Exact copies of the lines from the one holding "Agate, CO 80101" through the last line of the entries below are to be printed, with pictures omitted.

Short descriptive text snippets:

● ● ●

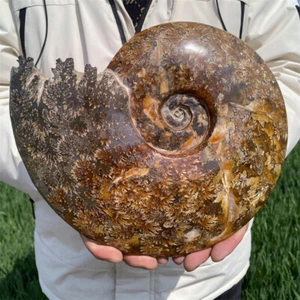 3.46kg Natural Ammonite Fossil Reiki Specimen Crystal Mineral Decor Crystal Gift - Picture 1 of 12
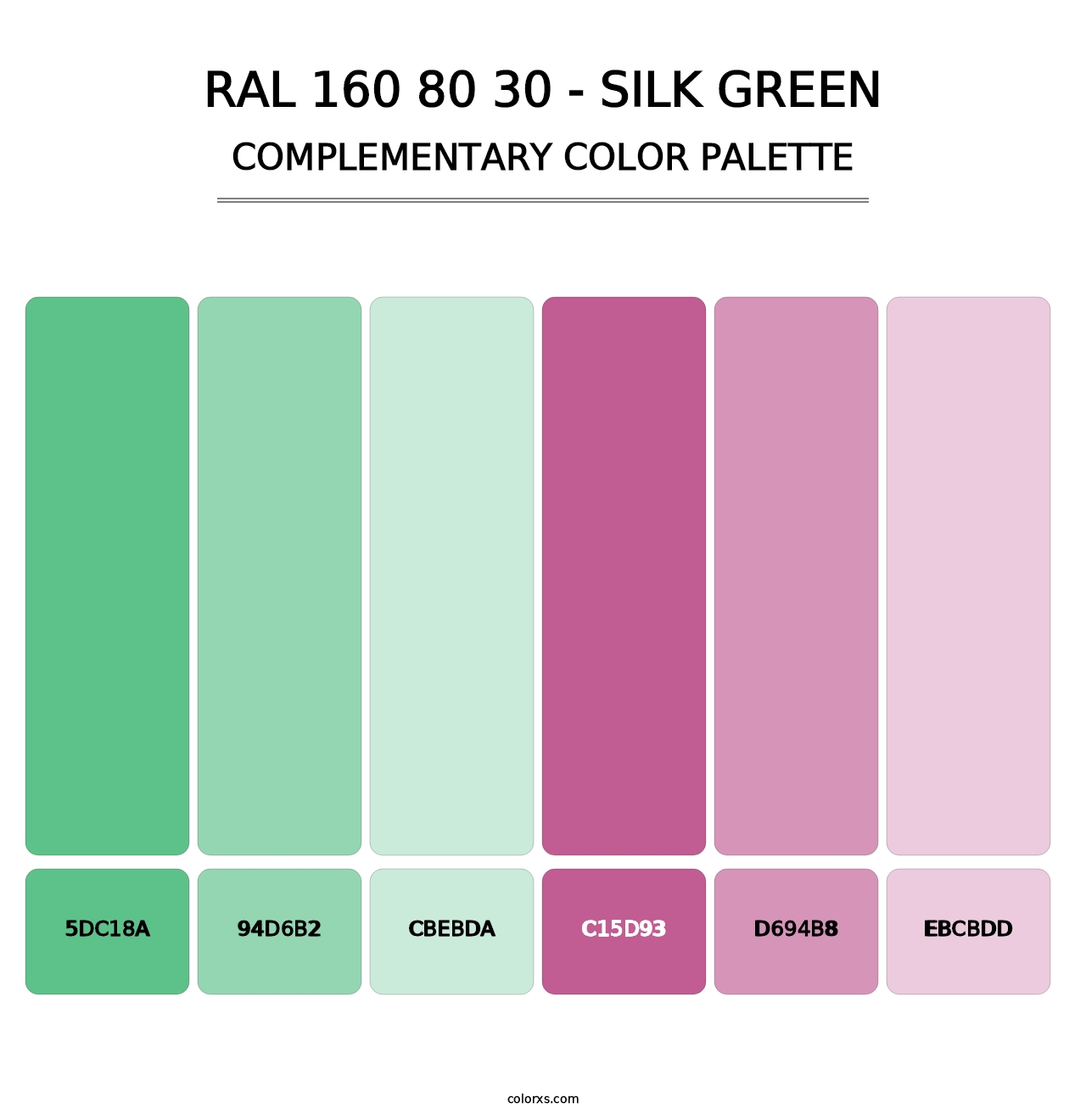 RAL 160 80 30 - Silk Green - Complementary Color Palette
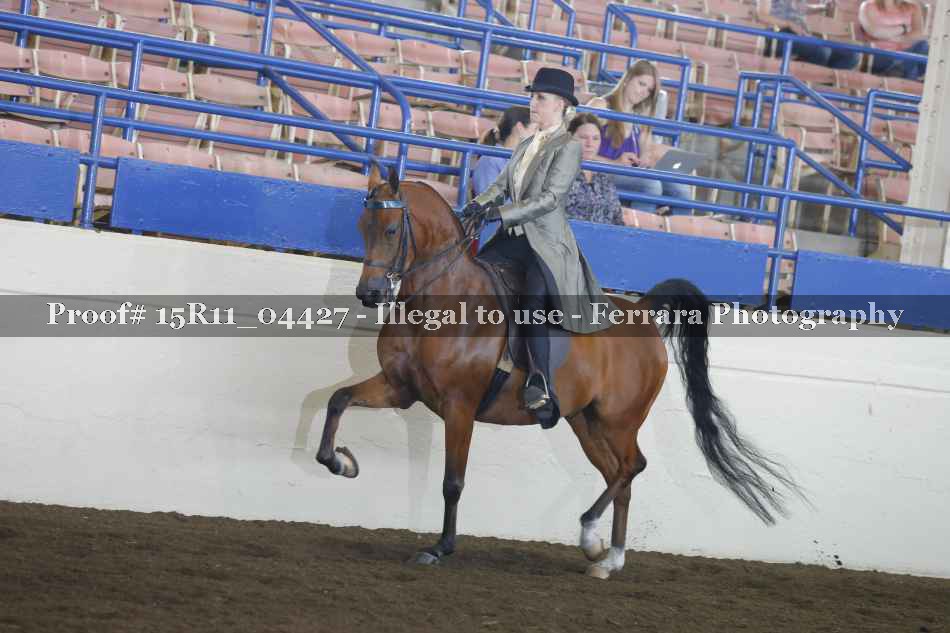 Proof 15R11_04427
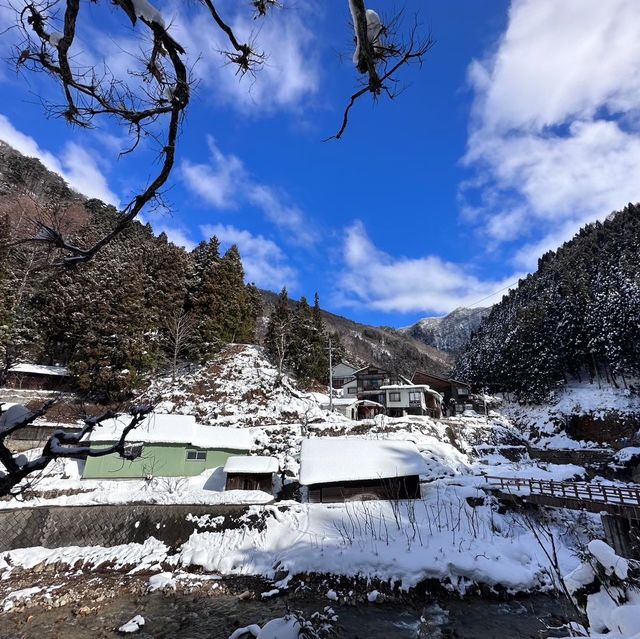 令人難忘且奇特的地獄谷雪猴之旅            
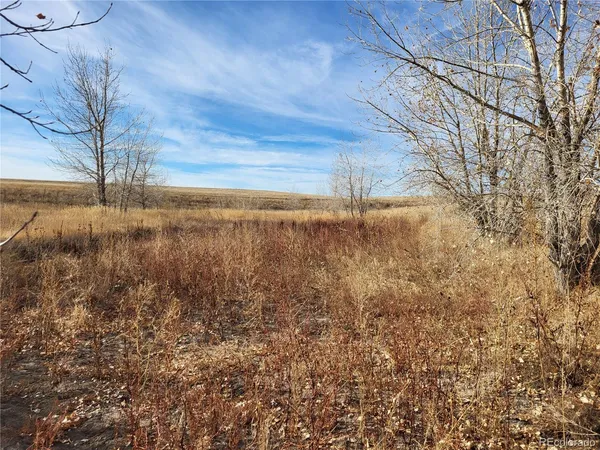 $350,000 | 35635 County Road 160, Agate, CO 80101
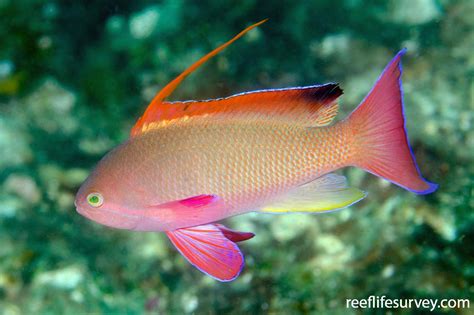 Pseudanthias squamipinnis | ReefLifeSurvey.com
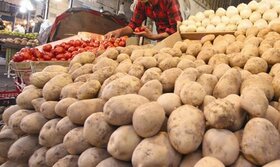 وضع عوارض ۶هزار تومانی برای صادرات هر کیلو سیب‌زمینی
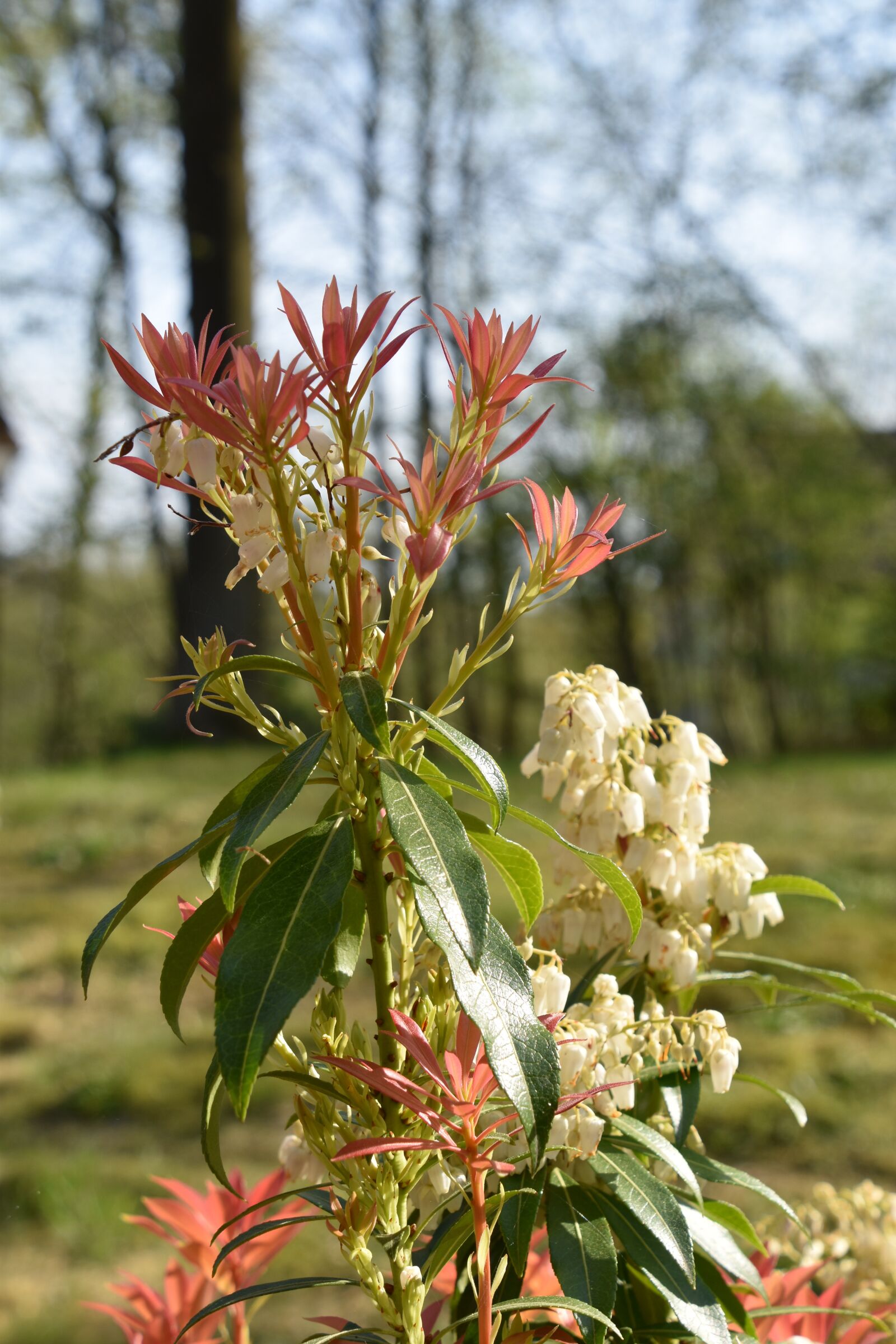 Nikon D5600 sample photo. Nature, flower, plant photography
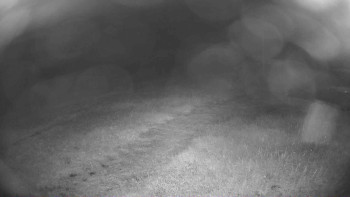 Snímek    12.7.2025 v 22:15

● ● ●

Output of the task:
 $350,000 | 35635 County Road 160, Agate, CO 80101
 Pseudanthias squamipinnis | ReefLifeSurvey.com
 وضع عوارض ۶هزار تومانی برای صادرات هر کیلو سیب‌زمینی
 Nikon D5600 sample photo. Nature, flower, plant photography
 Snímek    12.7.2025 v 22:15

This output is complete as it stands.